§ AIM OF THE EXERCISE: Give back an exact copy of the listing that follows, without the pictures.

§ MATERIAL SUPPLIED:

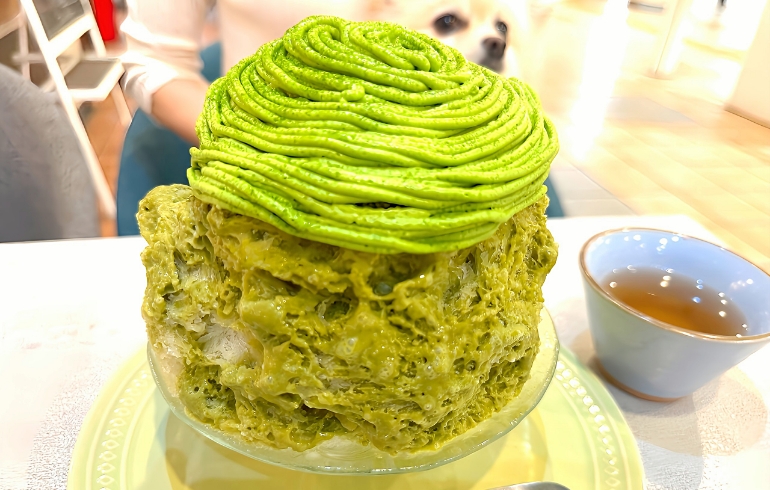 かき氷（茶モンブラン）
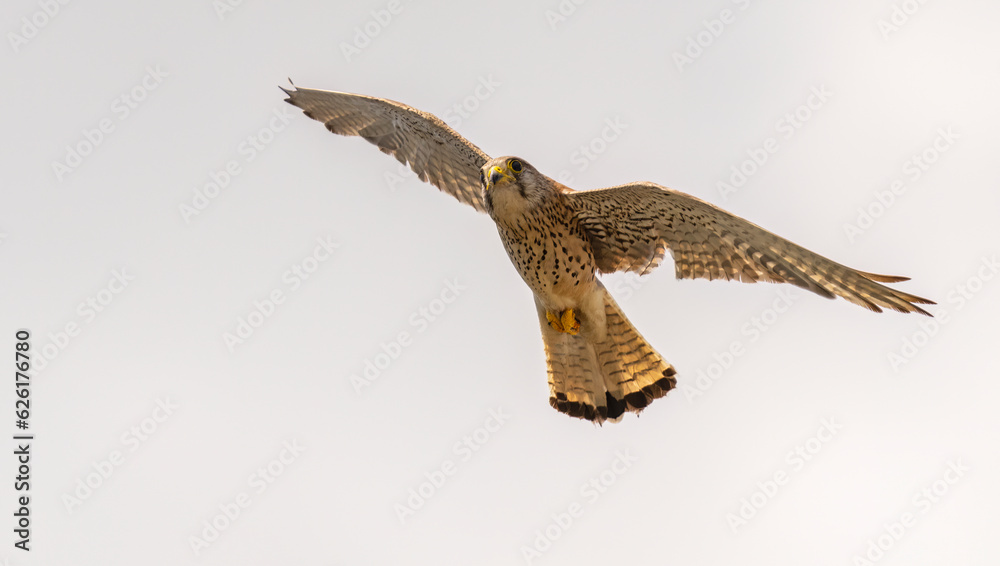 Fototapeta premium Common Kestrel (Falco tinnunculus) in flight against the sky. Bird in flight.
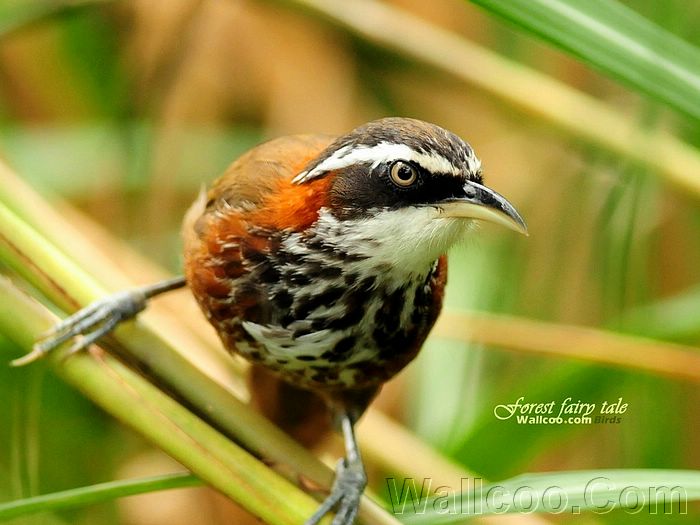 Chim từ Wallcoo.com - Page 2 Gorgeous_birds_Streak-breasted%20Scimitar%20Babbler%20in%20the%20bush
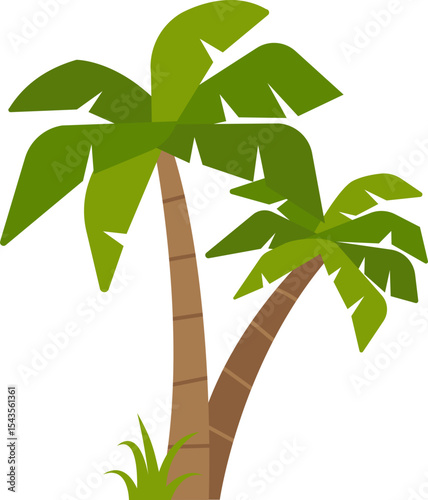 tropical tree vector art 야자수 열대 나무 벡터 일러스트 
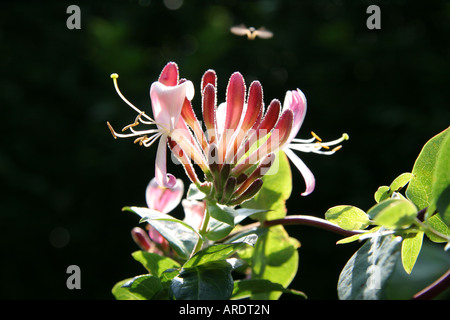 Hoverfly in bilico sopra caprifoglio in fiore Foto Stock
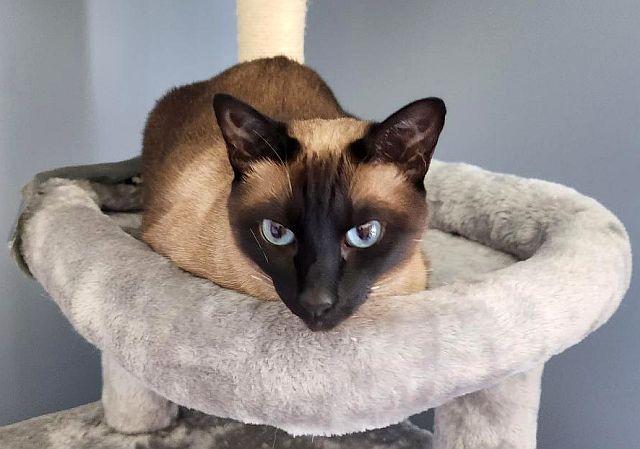 NAY NAY, Adoptable, Adult Female Siamese.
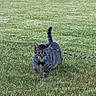 cat, tabby_cat, grass, outdoor, leash, harness, pet, animal, nature, greenery, walking, mammal, fur, whiskers, tail, focused, daylight, garden, playful, curious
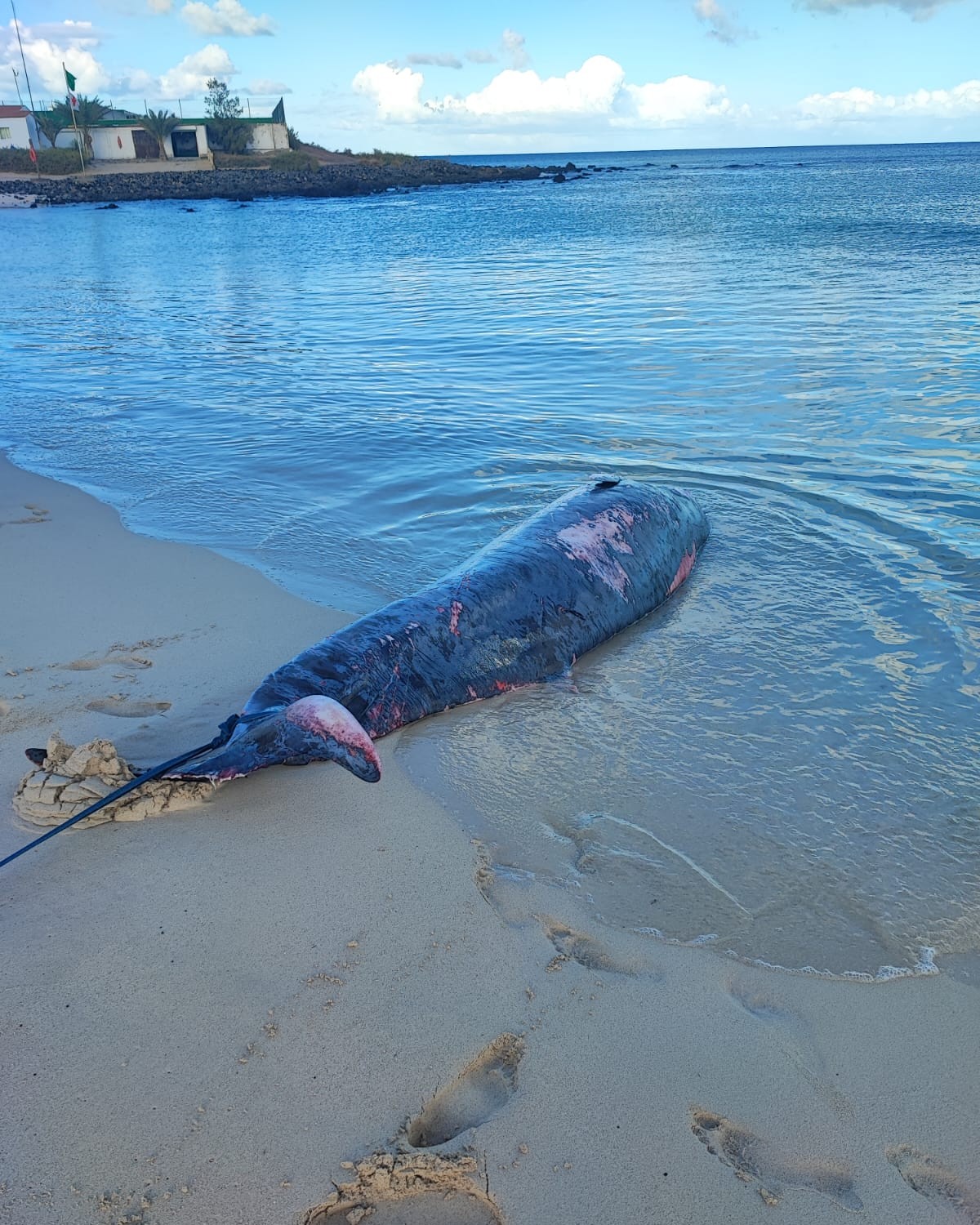 Zifio varado las Grandes Playas.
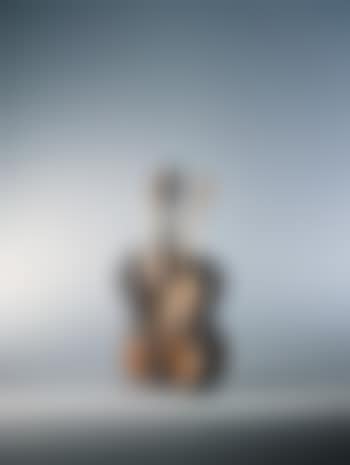 Violon double phoenix (preview)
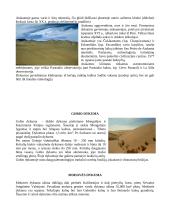 Pasaulio dykumos 6 puslapis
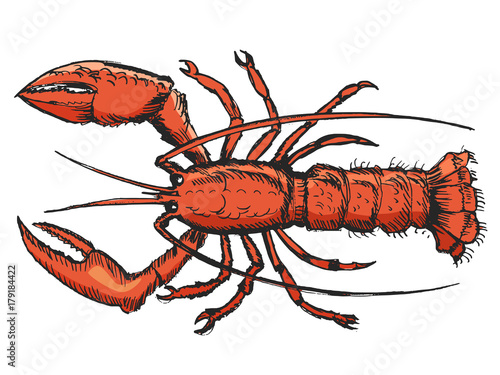 sketch of lobster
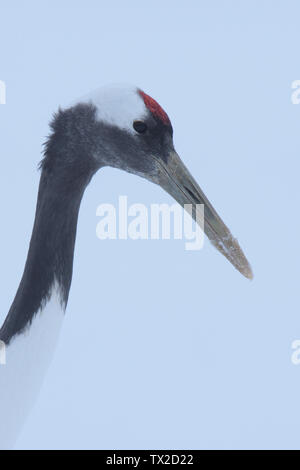 Rot-gekrönten Kranich (Grus japonensis) Kopf gegen einen Verschneiten Hintergrund auf der Insel Hokkaido, Japan Stockfoto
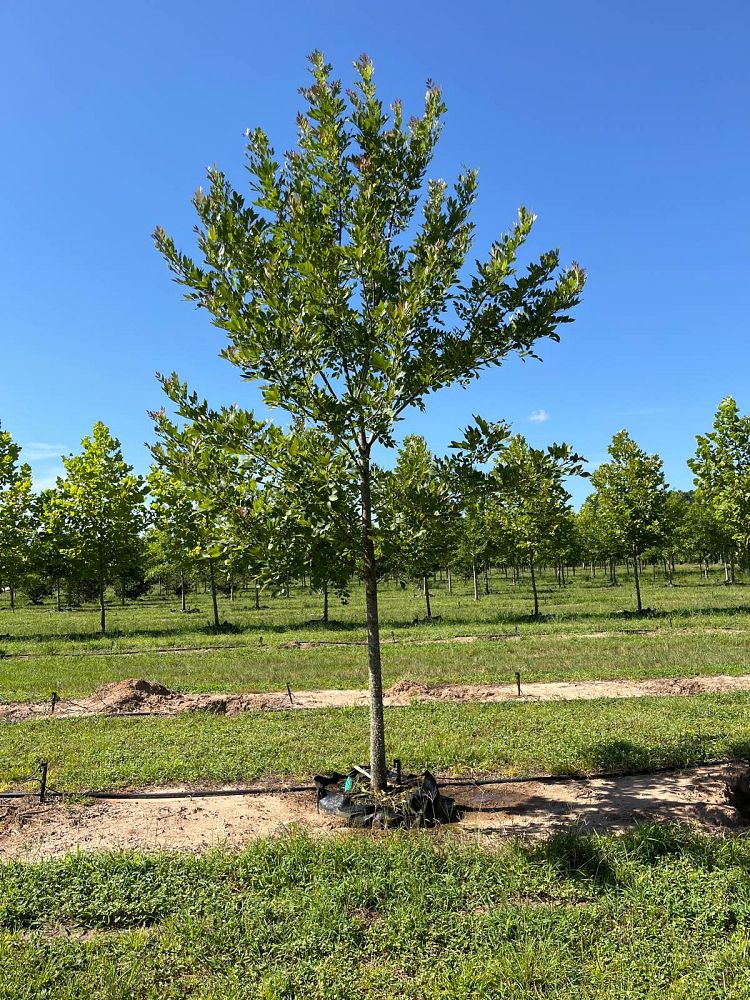fraxinus-pennsylvanica-green-ash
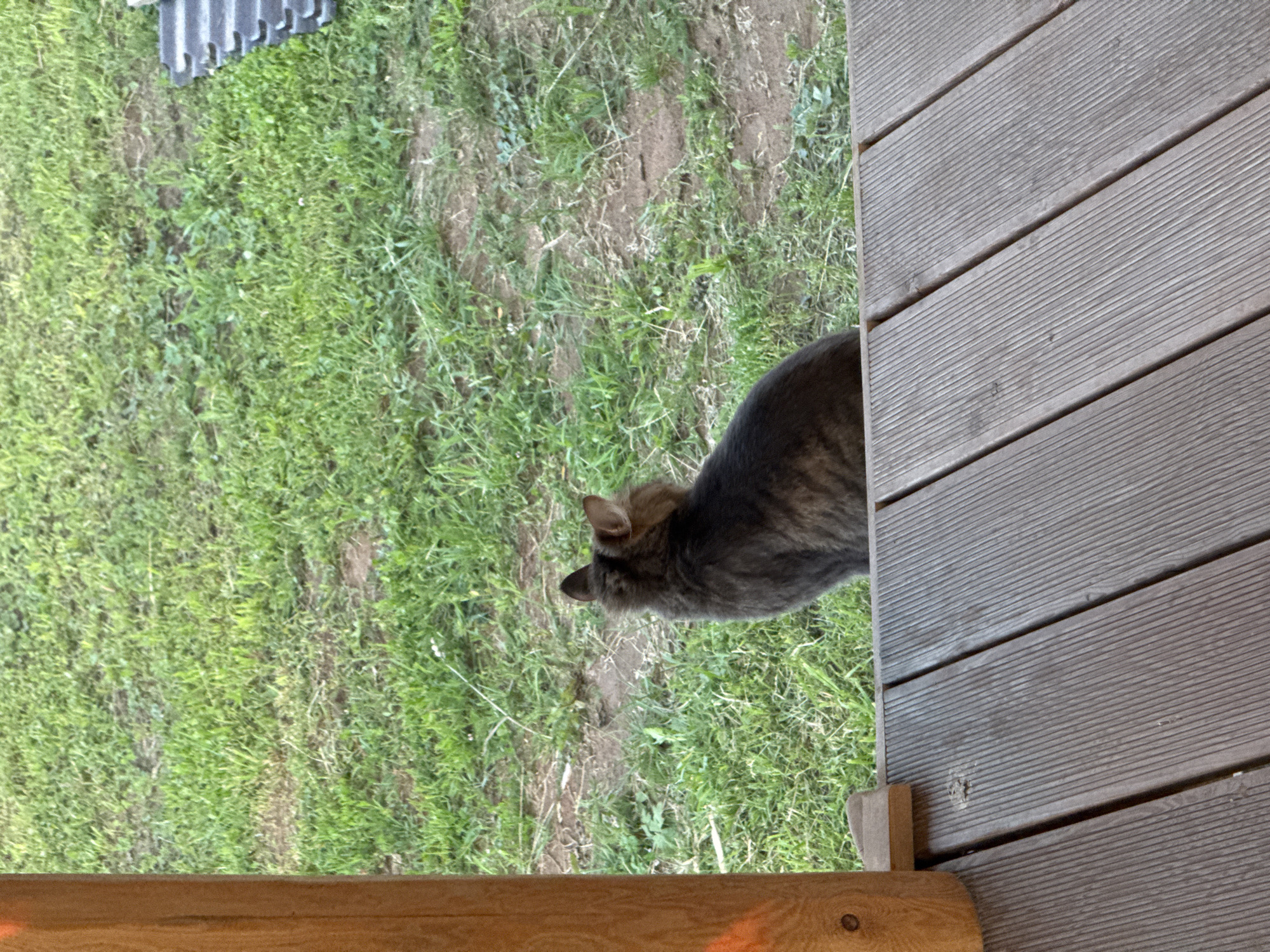 An outdoor scene captures a fluffy, dark-colored cat sitting on a wooden deck, facing away from the camera and looking towards a grassy area. The cat appears to be observing something in the distance. The foreground is dominated by the textured surface of the wooden deck, with visible planks running diagonally across the image. To the left, a portion of a wooden support post is visible. Behind the cat, a patch of green grass with some bare soil interspersed forms the immediate background. Further back, more grass and what appears to be a section of corrugated roofing material can be seen. The overall lighting suggests an overcast day. The image does not contain any identifiable landmarks or elements that would allow for pinpointing a specific location within Izhevsk, Russia.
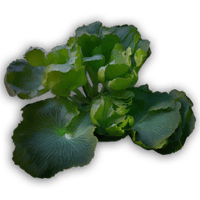 an image of the Nightingale item Water Spinach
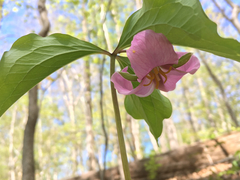 Trillium catesbaei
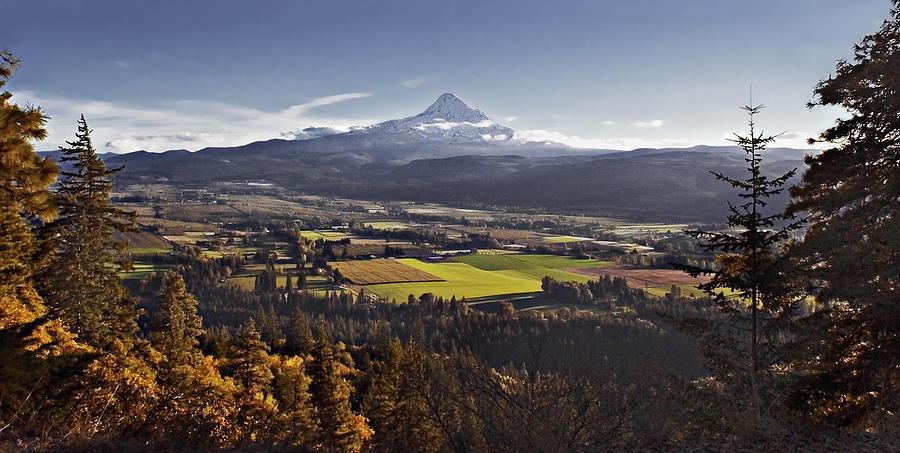 In the Shadow of Mount Hood Photograph by John Christopher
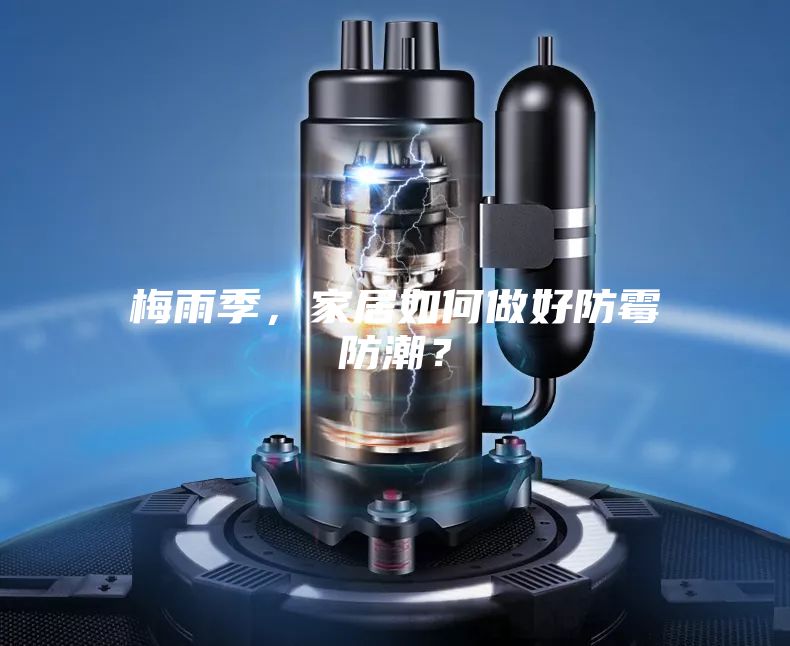 梅雨季，家居如何做好防霉防潮？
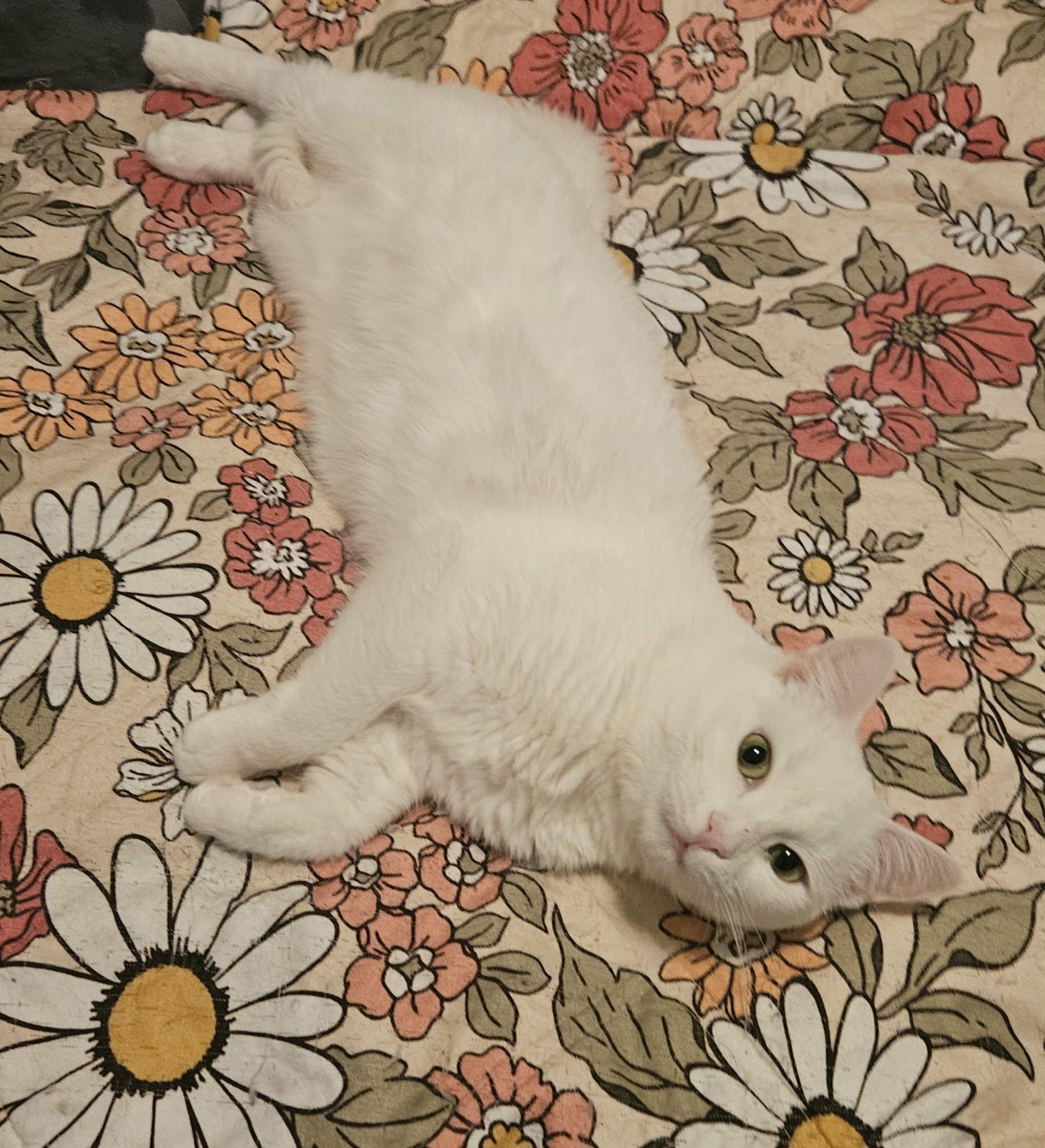 Enlarge Sophie (Beautiful LapCat), a ADOPTABLE Domestic Short Hair in Rochester, NY image 5/6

§ EXERCISE SOLUTION:
 かき氷（茶モンブラン）
 Fototapeta premium Common Kestrel (Falco tinnunculus) in flight against the sky. Bird in flight.
 Chim từ Wallcoo.com - Page 2 Gorgeous_birds_Streak-breasted%20Scimitar%20Babbler%20in%20the%20bush
 tropical tree vector art 야자수 열대 나무 벡터 일러스트 
 Hoverfly in bilico sopra caprifoglio in fiore Foto Stock
 NAY NAY, Adoptable, Adult Female Siamese.
 cat, tabby_cat, grass, outdoor, leash, harness, pet, animal, nature, greenery, walking, mammal, fur, whiskers, tail, focused, daylight, garden, playful, curious
 Zifio varado las Grandes Playas.
 Violon double phoenix (preview)
 Pasaulio dykumos 6 puslapis
 sketch of lobster
 Rot-gekrönten Kranich (Grus japonensis) Kopf gegen einen Verschneiten Hintergrund auf der Insel Hokkaido, Japan Stockfoto
fraxinus-pennsylvanica-green-ash
 An outdoor scene captures a fluffy, dark-colored cat sitting on a wooden deck, facing away from the camera and looking towards a grassy area. The cat appears to be observing something in the distance. The foreground is dominated by the textured surface of the wooden deck, with visible planks running diagonally across the image. To the left, a portion of a wooden support post is visible. Behind the cat, a patch of green grass with some bare soil interspersed forms the immediate background. Further back, more grass and what appears to be a section of corrugated roofing material can be seen. The overall lighting suggests an overcast day. The image does not contain any identifiable landmarks or elements that would allow for pinpointing a specific location within Izhevsk, Russia.
 an image of the Nightingale item Water Spinach
 Trillium catesbaei
 In the Shadow of Mount Hood Photograph by John Christopher
 梅雨季，家居如何做好防霉防潮？
 Enlarge Sophie (Beautiful LapCat), a ADOPTABLE Domestic Short Hair in Rochester, NY image 5/6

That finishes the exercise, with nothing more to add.